Being Where I Am
A lucky colleague of mine is teaching in Florence this semester. A few weeks ago, several of us from campus talked to her on the phone about a project we’re all working on together. From the sounds of things, she and her husband and kids are having a wonderful adventure—as we might all expect. Describing her time there, she said something that has stayed with me ever since. “When you’re here,” she said, “you’re just so here.” This might not be exactly what she she was thinking about, but that for me is the reason I love to travel.
When you’re there, you are just so there. You’re seeing new things, often engaged with at least one person you really care about, and you’re immersed in another culture. It’s hard to be in London, or Taos, or even San Francisco, and still be thinking or worrying about what’s going on in your life at home. When I was in my mid-20s and I first started traveling, it took me a long time to let go of home. It wasn’t until I gave myself permission to build then-expensive phone calls home into my travel budget that I felt like I could let it all go and just be there. The Internet lets me feel even closer to people at home if I want to be. But mostly I’ve learned the true value of just being someplace else when I'm out in the world.

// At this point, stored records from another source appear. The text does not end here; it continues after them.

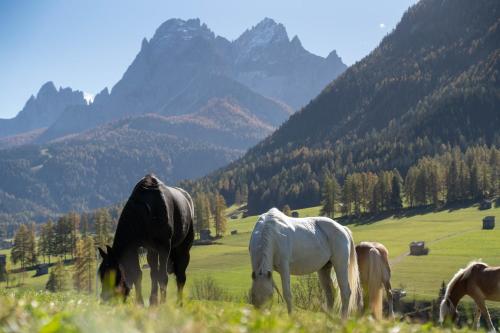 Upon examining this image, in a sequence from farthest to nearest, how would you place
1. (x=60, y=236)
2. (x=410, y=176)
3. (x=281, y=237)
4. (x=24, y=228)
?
1. (x=410, y=176)
2. (x=60, y=236)
3. (x=24, y=228)
4. (x=281, y=237)

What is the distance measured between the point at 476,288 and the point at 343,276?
25.6 feet

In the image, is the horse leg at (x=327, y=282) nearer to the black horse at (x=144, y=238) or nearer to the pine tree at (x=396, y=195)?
the black horse at (x=144, y=238)

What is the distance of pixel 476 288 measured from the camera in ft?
61.8

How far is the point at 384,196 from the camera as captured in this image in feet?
525

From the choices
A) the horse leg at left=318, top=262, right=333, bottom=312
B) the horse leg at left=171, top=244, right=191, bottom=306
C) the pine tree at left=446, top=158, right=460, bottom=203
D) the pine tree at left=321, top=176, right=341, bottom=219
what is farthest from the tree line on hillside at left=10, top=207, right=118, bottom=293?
the horse leg at left=318, top=262, right=333, bottom=312

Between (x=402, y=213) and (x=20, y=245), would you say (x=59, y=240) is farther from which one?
(x=402, y=213)

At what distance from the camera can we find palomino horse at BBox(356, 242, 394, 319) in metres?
19.0

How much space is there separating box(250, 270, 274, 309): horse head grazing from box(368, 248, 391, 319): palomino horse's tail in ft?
29.0

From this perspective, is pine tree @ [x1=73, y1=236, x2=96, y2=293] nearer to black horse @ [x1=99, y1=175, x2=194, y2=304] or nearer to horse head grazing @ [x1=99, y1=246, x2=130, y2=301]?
black horse @ [x1=99, y1=175, x2=194, y2=304]

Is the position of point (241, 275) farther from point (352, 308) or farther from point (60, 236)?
point (352, 308)

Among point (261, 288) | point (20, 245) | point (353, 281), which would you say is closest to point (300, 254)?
point (353, 281)

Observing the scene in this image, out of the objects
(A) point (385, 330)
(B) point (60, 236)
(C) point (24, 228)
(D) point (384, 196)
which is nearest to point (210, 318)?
(A) point (385, 330)

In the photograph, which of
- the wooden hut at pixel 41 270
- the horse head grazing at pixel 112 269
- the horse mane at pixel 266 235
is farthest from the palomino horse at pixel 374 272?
the wooden hut at pixel 41 270

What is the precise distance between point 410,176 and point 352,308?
15030 centimetres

I didn’t ask much more of myself than to just be where I was and to appreciate what was happening then and there.
A few years ago, I traveled to Paris for a week by myself. I communicated with my friends and family regularly, but for all intents and purposes, I spent a week in my own little life. I made my daily routine, I got to know my neighborhood, I watched the world go by at sidewalk cafes, and I had a few adventures. In part because I was alone, it was easy to focus on what was right there in front of me and to stay grounded in what I was doing at that moment. I didn’t ask much more of myself than to just be where I was and to appreciate what was happening then and there.
In my regular day-to-day life at home, I don’t do that very often. Instead, I let my tasks and chores and responsibilities expand well beyond what is usually comfortable. Then I am almost always overloaded with things I need to do, frequently feeling behind and worrying about how to get caught up. My to-do list haunts me and I almost always wish I had more time to read, go for a walk, or just stare into space. I get it that going back to work exacerbates this, and I did it by choice, but the real problem lies more with me than with having a job. I think part of me is challenged by seeing just how much I can do.
I also know that it’s often easier to fill up my head with a million errands and responsibilities than to just be in the moment. It’s crazy to realize that, but it’s true. Being present at this moment requires not drifting off into what I should have said or done, or what I might say or do next. It asks me to just be—as I am, right this second. Being present also requires that I do the work to bring my thoughts back to now as often as I can.
When my friend talked about being present in her semester-long life in Florence, it reminded me how much I want that feeling in my own life, even on the busiest, most stressful days. I want that feeling that I have when I’m traveling, when I notice architecture and murals and the lightness of the air on my skin. More than anything, I want to muster the discipline to be in that mindset, even when I’m stuck in traffic and late for work. I know how hard that is for a busy-brain person like me, but I’m interested in practicing. I have every intention of once again standing on a street in Paris and being immersed in being there, but the true test is being able to do it anywhere.